Last time I checked, yes. Callbacks should be sent only when the file is
closed.
> > There is a network latency that comes into play here. If you want last
> > writer wins you should not zap dirty data.
>
> I have to zap pages that some other client has modified. The server has told
> me to invalidate it, and so I need to reread it from the server.
>
> This is probably only going to be a problem with shared-writable mappings, and
> the problem is due to AFS, not how I do my caching.
But local modification are per definition more up-to-date because you
haven't closed the file yet. It is very much a problem of how you do
your caching. I'm trying to tell you AFS has a well defined consistency
model called session semantics.
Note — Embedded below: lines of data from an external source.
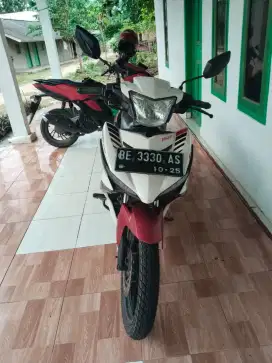 Yamaha mx king 150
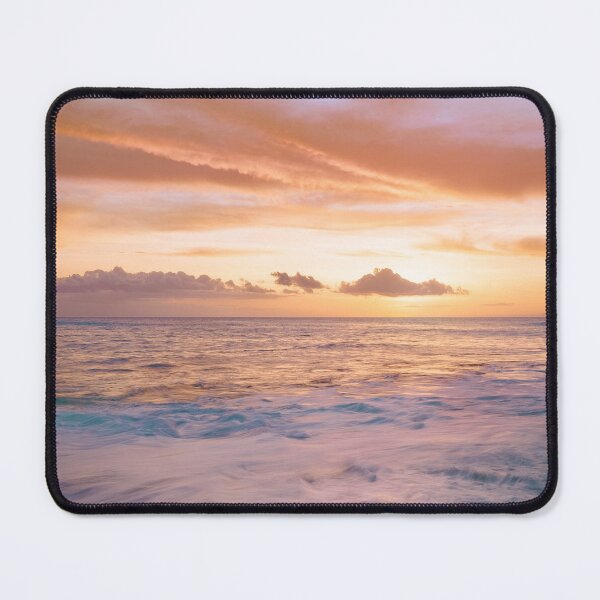 Item preview, After Glow Our Beach designed and sold by Harshly.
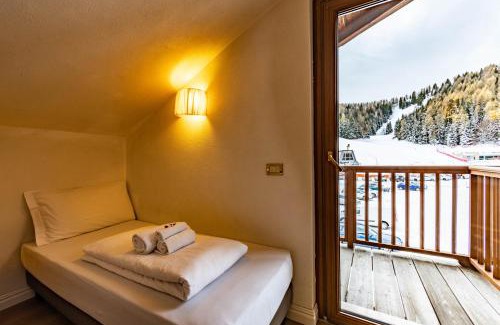 Folgaria Hotel | Hotel Grizzly
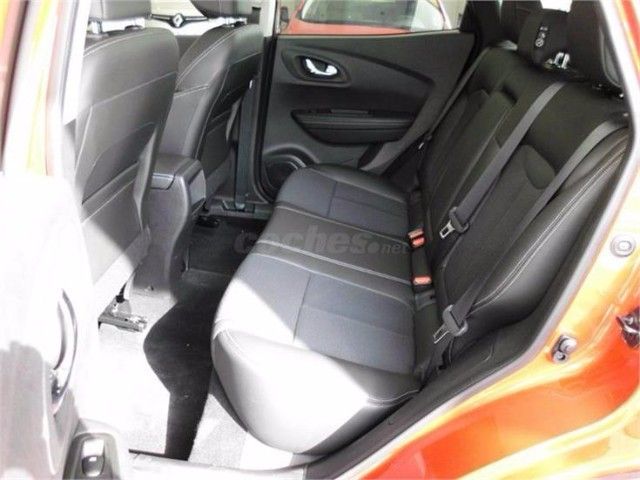 Renault Kadjar 1.6dci Energy Zen 130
That directly influenzes every decision
you make wrt. to caching and everything I've seen up until now shows me
that you're simply implementing an NFS client that happens to speak to
AFS servers.
> > Ehh, access permissions should already be checked when the file is
> > opened. NFS is dealing with the same problems here.
>
> AFS fileservers don't have a concept of an open file. Every time you do a
> fetch or a store (be for it data or metadata) you get a short-term "lease" on
> the file that the server breaks if some other client modifies it.
Actually AFS is most definitely a stateful filesystem and as such has
the concept of an open file.
Just google for "AFS NFS stateful stateless" and you get literally
hundreds of handouts and lecture notes from distributes systems classes
that describe exactly these differences. UNIX/session semantics,
stateless/stateful, etc.
> Furthermore, every operation a client issues is checked at the RxRPC
> level. This way a client can have several users holding a file open in the
> local VFS and just label the operations sent to the server with tokens
> representing the users doing the access.
>
> How does Coda do it? Does it get "open" the file on the server with a
> particular set of credentials for each user that wants to use it?
Yes. If the user hasn't opened the file before, we have to check the
permissions with the server. So every user that opens the same file will
generate an "open" rpc to the server.
> > > How does Coda deal with this security problem?
> >
> > What problem?
>
> For instance: you have one file in your cache, several people write to it, but
> one of the people in the middle had permission taken away as far as the server
> is concerned.
First of all, typical write-write sharing is extremely low, otherwise
Coda wouldn't have even worked with it's optimistic replication and
caching. Second of all permission changes are even rarer.
So on the off chance that a write-write shared file on happens to be
affected by a permission change.
- We either succeed in writing the file when the person who lost access
closed before the last writer who still had access. Big deal, he had
access when he opened the file, and it is next to impossible to tell
wheter his close arrived before or after the permission was taken away
except when every operation is somehow given an absolute linear
ordering in time. Generally too expensive on a distributed system
with clients that may come and go as they please.
- Or the person who lost access is the last one to close the file and
trigger the writeback. In this case the servers will deny the write
operation and the client will declare a conflict on that object and
switch to disconnected mode. Someone who has write permission can
repair the conflict.
> Also, when writing the file back, if several people have changed it, whose
> credentials do you present to the server as having made the change?
>
> > If you don't have write permission you can't write to the file. If you do
> > have write permissions you can write. When the last writer closes it's
> > filehandle the data is sent to the server with his permissions.
Like I said in the section you quoted yourself, the last writer who
closes the file.
> > Updates dirty the pages, so they end up in swap, but we log the same update
> > in a logfile (journal), when the log fills up, the changes written directly
> > to the underlying file.
>
> So you keep everything in triplicate whilst running? (or at least duplicate
> plus a frequently emptied journal).
Actually, for any unmodified data there is only one copy. Once it is
modified there are two (the dirty page and the logged change), why would
there be a third, I don't care about the copy in the backing file...
It has the advantage that even if you pull the powercord, we can still
recover the last consistent set of metadata and from that validate both
the data in the cache files, and revalidate everything against the
servers, which we already need for the disconnected operation.